Reproduce this listing from its first line through the line with "OLD YEW COTTAGE-12.jpg", inclusive, leaving out all that follows.

═══ Listed records

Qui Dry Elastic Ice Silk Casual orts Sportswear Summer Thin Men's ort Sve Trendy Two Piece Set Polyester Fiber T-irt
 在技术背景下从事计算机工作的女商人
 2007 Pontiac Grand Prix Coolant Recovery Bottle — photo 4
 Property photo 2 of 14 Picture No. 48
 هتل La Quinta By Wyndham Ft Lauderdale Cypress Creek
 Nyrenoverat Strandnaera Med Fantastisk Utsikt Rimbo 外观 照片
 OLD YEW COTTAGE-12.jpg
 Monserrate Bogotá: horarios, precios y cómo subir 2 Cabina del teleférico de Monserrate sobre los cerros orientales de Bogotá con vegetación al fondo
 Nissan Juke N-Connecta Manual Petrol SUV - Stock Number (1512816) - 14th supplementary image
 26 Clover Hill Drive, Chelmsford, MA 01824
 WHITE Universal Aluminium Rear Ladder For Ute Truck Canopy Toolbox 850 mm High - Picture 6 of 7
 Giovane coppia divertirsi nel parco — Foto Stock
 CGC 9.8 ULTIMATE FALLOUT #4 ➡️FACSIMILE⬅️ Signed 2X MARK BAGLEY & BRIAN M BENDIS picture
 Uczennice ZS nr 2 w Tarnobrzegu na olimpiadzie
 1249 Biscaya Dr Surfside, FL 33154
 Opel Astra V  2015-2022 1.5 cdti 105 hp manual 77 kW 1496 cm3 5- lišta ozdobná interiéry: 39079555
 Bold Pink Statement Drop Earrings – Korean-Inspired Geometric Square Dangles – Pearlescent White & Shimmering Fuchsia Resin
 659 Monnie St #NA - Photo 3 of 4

══════

- Solution for this problem -
Qui Dry Elastic Ice Silk Casual orts Sportswear Summer Thin Men's ort Sve Trendy Two Piece Set Polyester Fiber T-irt
 在技术背景下从事计算机工作的女商人
 2007 Pontiac Grand Prix Coolant Recovery Bottle — photo 4
 Property photo 2 of 14 Picture No. 48
 هتل La Quinta By Wyndham Ft Lauderdale Cypress Creek
 Nyrenoverat Strandnaera Med Fantastisk Utsikt Rimbo 外观 照片
 OLD YEW COTTAGE-12.jpg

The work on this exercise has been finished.